In your case Minstrel...it is not enough to just write the exclusion. Probably password protecting the directory would be a better idea. You can set it to username: guest -- password: guest and relate those instructions to your visitors in some fashion. Any spider can ignore the robots.txt file, but I don't think they are smart enough (yet) to read the instructions.

For the most part though...the spiders that matter the most, the more legit ones anyway, do follow the robots.txt file. They will play by the rules and follow only what you want them to. But even still, if parts of your site will have a profound effect on it...like a bunch of unrelated content...it might be better to take more precautions of not having it crawled.

awall19
12-29-2003, 02:43 PM
Alexa will follow robots txt and would never change that policy. Many people already view their toolbar as spyware...the last thing they would ever want to do is ignore web standards as well. If you search on Google for alexa http://www.google.com/search?sourceid=navclient&ie=UTF-8&oe=UTF-8&q=alexa you will see that people are advertising that it is spyware

minstrel
12-29-2003, 02:49 PM
That's one of the reasons I posted this, Aaron - I think it's interesting that they went to the trouble to post this on their website and I think it is indeed an effort to reassure people that they are not trying to spy on them secretly.

ronniethedodger
12-29-2003, 03:08 PM
I think it is indeed an effort to reassure people that they are not trying to spy on them secretly.

So...they are spying on us out in the open then? ;0)

minstrel
12-29-2003, 03:16 PM
I think it is indeed an effort to reassure people that they are not trying to spy on them secretly.
So...they are spying on us out in the open then? ;0)
Well, actually yes. So is the Google toolbar if you enable those "Page Information" options, but both now tell you that in plain language - I think when Alexa first appeared on the scene, they perhaps didn't make it clear enough and hence got their reputation as spyware. The other thing that's different about Alexa is that they started out that way, with their prime purpose to track people's surfing habits - in Google's case, the "spyware" features are (1) entirely optional and (2) less obviously intrusive.

ronniethedodger
12-29-2003, 04:30 PM
in Google's case, the "spyware" features are (1) entirely optional and (2) less obviously intrusive.

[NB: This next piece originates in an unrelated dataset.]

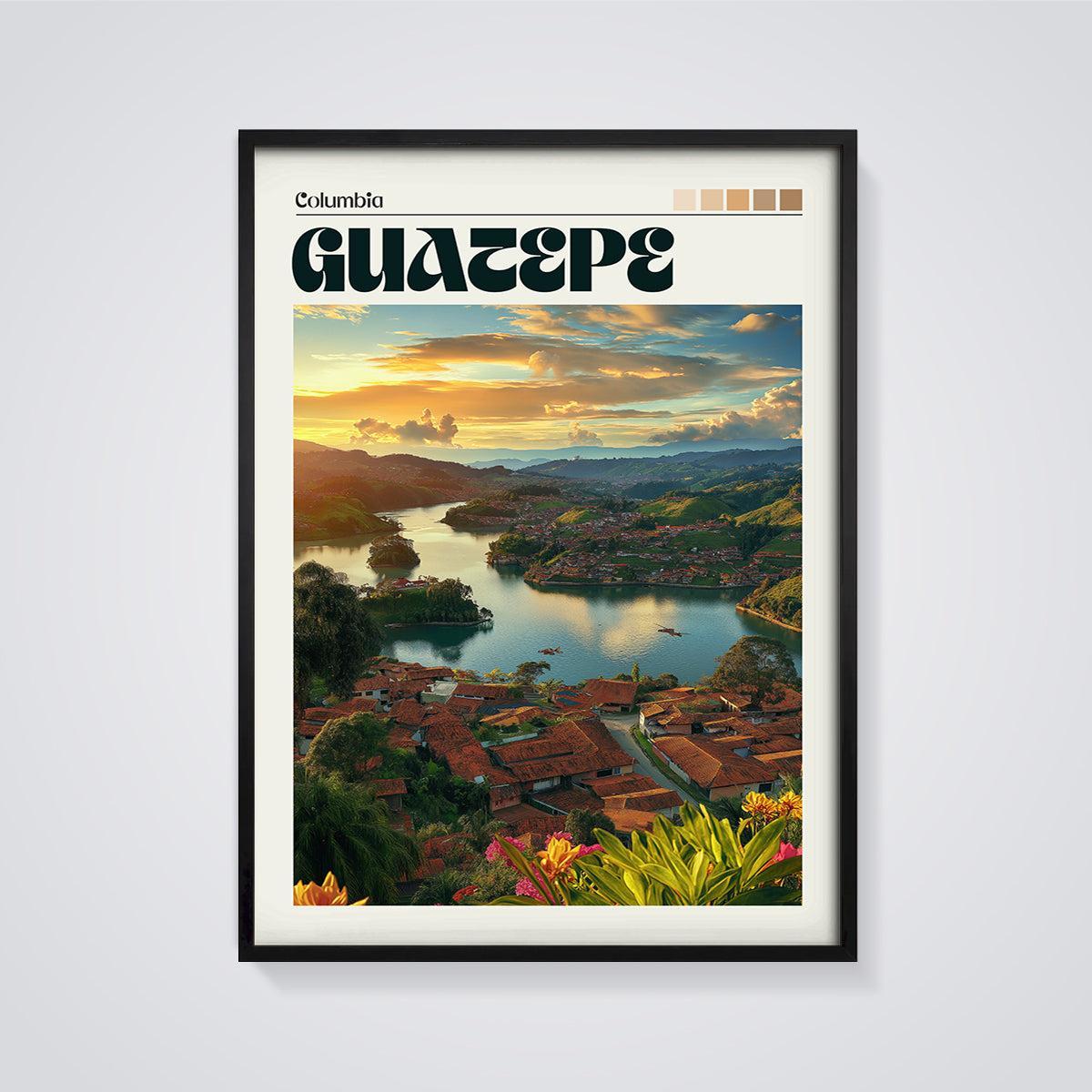 Guatapé Colombia Sunset Lake Print framed in black on a grey background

One of those features I just learned about here at WPW from another member.

He/she (don't remember who exactly) pointed out one of the features enables the Googlebar user to Vote on the currently viewed webpage. Enabling this feature displays a yellow happy face and a blue grumpy face on the toolbar. Voting is very simple, just click on one of the faces.

I don't know how Google uses this information, for it does not really tell you that. But I can tell you that I do click on that blue face quite a bit....aint gonna tell you when or why I click on it though. ;0)

neophytemedia
12-30-2003, 04:01 AM
Just wanted to mention this.
It all started in Feb. '99 and I remember pretty well that receiving a lot of unsolicited emails at that time or having your browser redirected whenever altavista or yahoo couldn't find your search query, did not have the word "spam" associated with it. At that time google, I think, was the pioneer of such actions, though everybody nowadays is complaining about it. (see Xupiter). My point is: It seems that the big guys are either "forgotten" or forgiven for their methods of advertising their services while smaller search engines are monitored every step of the way. Anyway, who could ban google? or shut it down? So...i guess that playing fair is far from what google had in mind at that time. And now they pose as having the most fair & accurate page ranking system?
Thanks for your time...
:)
Tony,
http://www.neophytemedia.com

ronniethedodger
12-30-2003, 12:06 PM
It all started in Feb. '99 and I remember pretty well that receiving a lot of unsolicited emails at that time or having your browser redirected whenever altavista or yahoo couldn't find your search query, did not have the word "spam" associated with it.

Tony - I think that had more to do with Internet Explorer and how it's Search worked in the browser. There are/is other sites out there (Comet Search comes to mind) that takes over your browser's search functions also. I do not ever remember Google being that way, but back then I was using either Yahoo or WebCrawler (or was it MetaCrawler...don't remember which.)

neophytemedia
12-30-2003, 06:01 PM
To make it more clear.
First of all it had nothing to do with your browser. It could have been IE or Netscape. An adware or spyware program is installed on your computer. Whenever you perform a search query to one of your favorite SEs a pop up window opens with a completely different search engine showing the results found.
Back then these actions probably were overlooked and definitely not considered spam. I'm 100% sure that google did sponsor some of those early spam campaigns as I experienced it myself. It all took a few months maybe half a year. And believe me it was enough to make their service popular. After that it got dimmed until it stopped. My only point was that in the early days these actions never had repercussions against the companies involved more than probably because of the lack of experience from people in tracking these actions or because high interests were at stake. :)

Tony,
http://www.neophytemedia.com